Janus Electric Presentation Targets 1,600+ Truck Fleet Growth by FY29
Janus Electric outlines ambitious path to 1,600+ electric trucks
In its April 2026 investor presentation, Janus Electric (ASX: JNS) outlined a three-horizon growth framework targeting transformation from 28 trucks currently on the road to 1,600+ by FY29. The strategic roadmap, presented under new CEO Ben Hutt (appointed January 2026) and CFO Ton van Hoof (March 2026), projects revenue scaling from approximately A$105-115M in FY27 to ~A$660M by Horizon 3.
Management detailed the company’s “convert, swap, go” value proposition, positioning diesel-to-electric retrofits paired with four-minute battery swaps as the solution to heavy transport’s electrification challenge. The presentation emphasised operational proof points including 650,000+ kilometres electrified, 3,600+ battery swaps completed, and 11 Charge & Change Stations operational. With conversion costs of A$175,000 compared to A$500,000-900,000 for new electric trucks, the company argues it has cracked the capital barrier preventing fleet electrification at scale.

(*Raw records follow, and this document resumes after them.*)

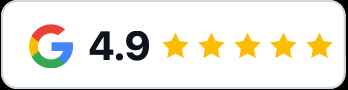 Google Reviews 4.9 Google Reviews 4.9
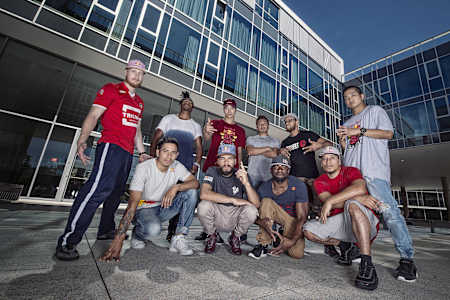 Red Bull BC One All Stars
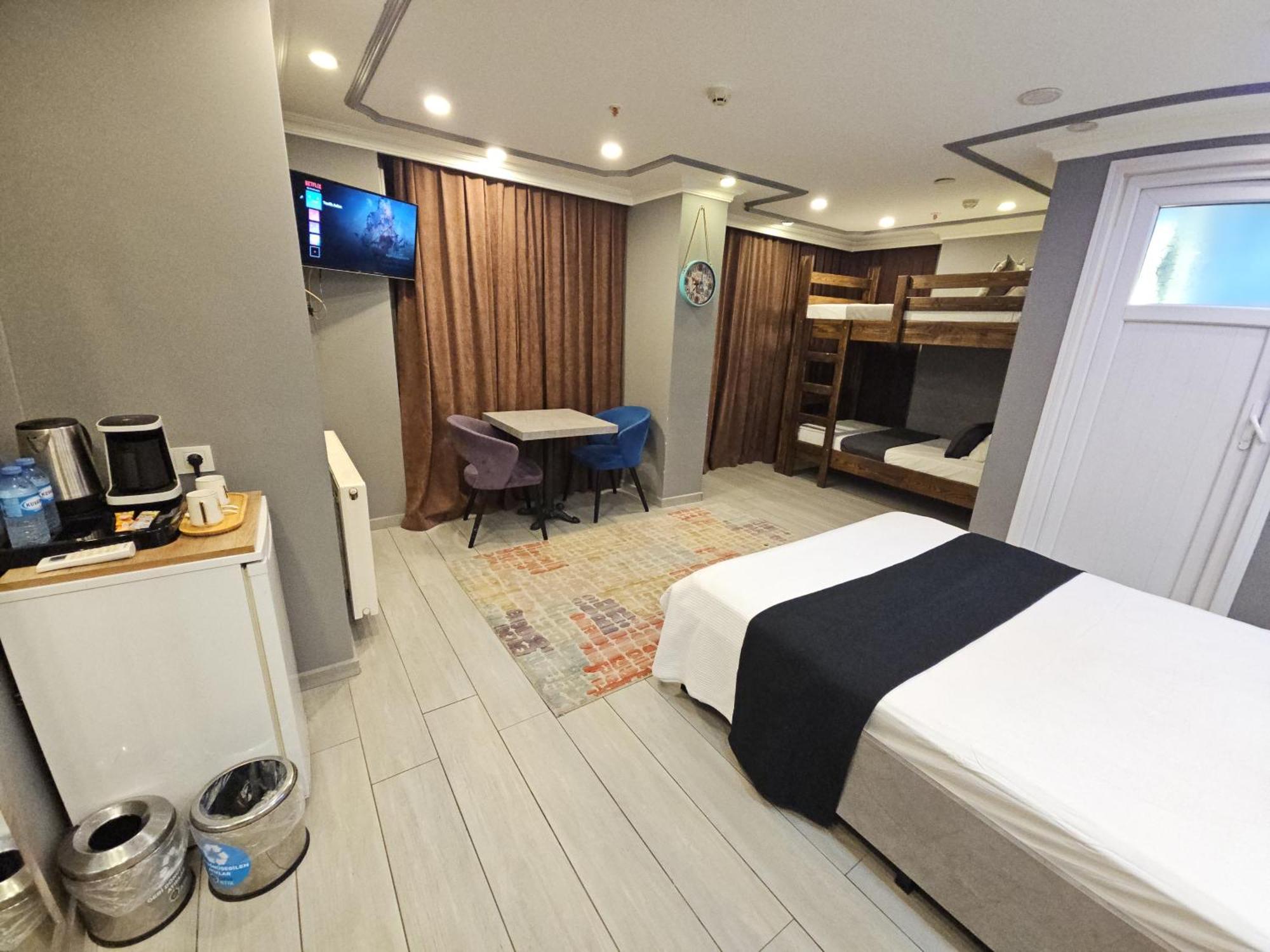 Sahrakent Otel Pendik อิสตันบูล ภายนอก รูปภาพ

When big ASX news breaks, our subscribers know first
How battery swap technology solves heavy transport’s electrification problem
The presentation positioned heavy transport as the hardest sector to decarbonise, with capital constraints forming the primary adoption barrier. New Class 8 electric trucks command price tags of A$500,000-900,000, compared to A$150,000-175,000 for Janus conversion kits. This cost differential enables fleet operators to electrify existing assets rather than undertaking wholesale fleet replacement.
The Janus solution centres on three integrated components: diesel-to-electric retrofit via the Janus Conversion Module (JCM540 with 540kWh capacity), Battery-as-a-Service eliminating operator ownership risk, and a software platform providing fleet intelligence and predictive maintenance. The company’s swap infrastructure delivers four-minute battery changes, contrasting with three-to-four-hour plug-in charging that removes trucks from revenue-generating service. Management claims this operational model supports 99%+ uptime SLAs and 30%+ lower total cost per kilometre versus diesel.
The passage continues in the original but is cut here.